But there may be a silver lining. The odds are improving, with more college-educated women getting married now than in the past, according to research done by Wharton Business and Public Policy Department professor Betsey Stevenson and doctoral student Adam Isen.

In 1950, 74 percent of college-educated white women had married by the age of 40, compared to 90 percent of their high school graduate counterparts.

This figure grew to 86 percent by 2008, much closer to the 88 percent of high school graduate white women.

Isen said the choice of study reflects the overall broadening focus of economics.

“In the past, people associated economics with studying markets and money,” he said, explaining that the field has recently begun to include social spheres of life.

“It’s important to think about family behavior in the context of economic behavior and markets — they all go together.”

Stevenson agreed, saying she does research to understand the intersection of work and family, and how family situation affects the incentive to be employed, and vice versa.

It’s all about making choices, she said.

“Public policy affects the incentive to be in the workforce — incentives interact with families.”

According to the two researchers, the overall fall in marriage rates and smaller difference between the 1950 and 2008 groups that the study found can be explained in part by the departure from the “specialized” model of marriage, under which men focus on the workforce and women on the home.

“With opportunities for women in the labor market opening up, it’s become more costly to have a specialized homemaker,” Stevenson said.

She and Isen explained that increasing access to education and higher wage rates for women have increased the cost for women of staying at home.

“In relative terms, women have less interest in and less perceived benefits from marriage” than previously, Isen said.

On the other hand, Demie Kurz, a sociology professor and co-director of the Alice Paul Center for Research on Women, Gender and Sexuality, said college-educated women’s lower divorce rate is surprising.

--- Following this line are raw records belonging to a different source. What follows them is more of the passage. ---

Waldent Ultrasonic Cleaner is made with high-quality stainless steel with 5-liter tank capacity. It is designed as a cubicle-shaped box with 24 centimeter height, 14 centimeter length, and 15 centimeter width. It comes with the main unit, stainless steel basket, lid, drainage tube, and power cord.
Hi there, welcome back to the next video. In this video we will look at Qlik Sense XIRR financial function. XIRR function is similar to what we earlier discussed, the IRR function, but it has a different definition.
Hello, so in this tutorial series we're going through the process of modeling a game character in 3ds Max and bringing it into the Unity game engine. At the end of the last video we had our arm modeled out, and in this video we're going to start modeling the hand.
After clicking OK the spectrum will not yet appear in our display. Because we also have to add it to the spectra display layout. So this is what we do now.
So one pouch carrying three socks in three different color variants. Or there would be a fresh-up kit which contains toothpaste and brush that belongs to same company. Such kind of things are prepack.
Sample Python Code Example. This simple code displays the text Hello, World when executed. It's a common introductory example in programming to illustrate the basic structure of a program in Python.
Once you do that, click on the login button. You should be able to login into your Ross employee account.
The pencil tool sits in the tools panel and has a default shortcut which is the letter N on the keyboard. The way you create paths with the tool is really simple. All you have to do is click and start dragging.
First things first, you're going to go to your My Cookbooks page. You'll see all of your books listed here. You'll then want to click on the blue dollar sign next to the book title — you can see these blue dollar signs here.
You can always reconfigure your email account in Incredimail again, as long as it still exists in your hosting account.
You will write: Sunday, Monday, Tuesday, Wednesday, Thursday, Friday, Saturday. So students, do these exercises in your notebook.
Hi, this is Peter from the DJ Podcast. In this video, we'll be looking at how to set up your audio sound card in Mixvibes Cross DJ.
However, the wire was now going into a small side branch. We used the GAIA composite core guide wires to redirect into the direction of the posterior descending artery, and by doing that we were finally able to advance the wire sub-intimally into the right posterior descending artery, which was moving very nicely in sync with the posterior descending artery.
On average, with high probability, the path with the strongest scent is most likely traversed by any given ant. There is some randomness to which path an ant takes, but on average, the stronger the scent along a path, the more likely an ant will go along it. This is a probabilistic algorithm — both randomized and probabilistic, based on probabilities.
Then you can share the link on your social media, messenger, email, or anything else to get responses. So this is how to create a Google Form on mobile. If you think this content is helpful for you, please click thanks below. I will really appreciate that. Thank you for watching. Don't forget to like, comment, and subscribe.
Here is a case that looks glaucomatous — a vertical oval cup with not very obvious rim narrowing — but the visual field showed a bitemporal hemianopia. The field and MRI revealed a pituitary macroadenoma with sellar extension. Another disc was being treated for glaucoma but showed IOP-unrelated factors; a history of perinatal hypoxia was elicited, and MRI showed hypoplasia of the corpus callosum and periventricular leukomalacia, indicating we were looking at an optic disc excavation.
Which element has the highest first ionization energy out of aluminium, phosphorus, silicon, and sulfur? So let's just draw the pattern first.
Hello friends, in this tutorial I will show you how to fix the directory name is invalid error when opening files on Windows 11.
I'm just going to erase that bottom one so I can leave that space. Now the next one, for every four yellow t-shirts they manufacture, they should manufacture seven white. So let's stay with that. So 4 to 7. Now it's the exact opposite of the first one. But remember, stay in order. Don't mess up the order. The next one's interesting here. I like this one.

Based on financial cost, many would expect college-educated women to have a higher divorce rate than their less-educated peers, she added.

“The financial cost of leaving a marriage is much less if [women] have college degree or graduate degree and can earn more money,” Kurz said.

The study’s other findings suggest that college-educated women are more likely to stay married than less-educated ones, but are less likely to remarry.

“One big correlation,” Isen said, “is that people who enter into marriages at a later age are less likely to get divorced.”

A factor contributing to the lower divorce rate of college-educated women is that higher education levels provide more stability and a more secure life, according to Kurz.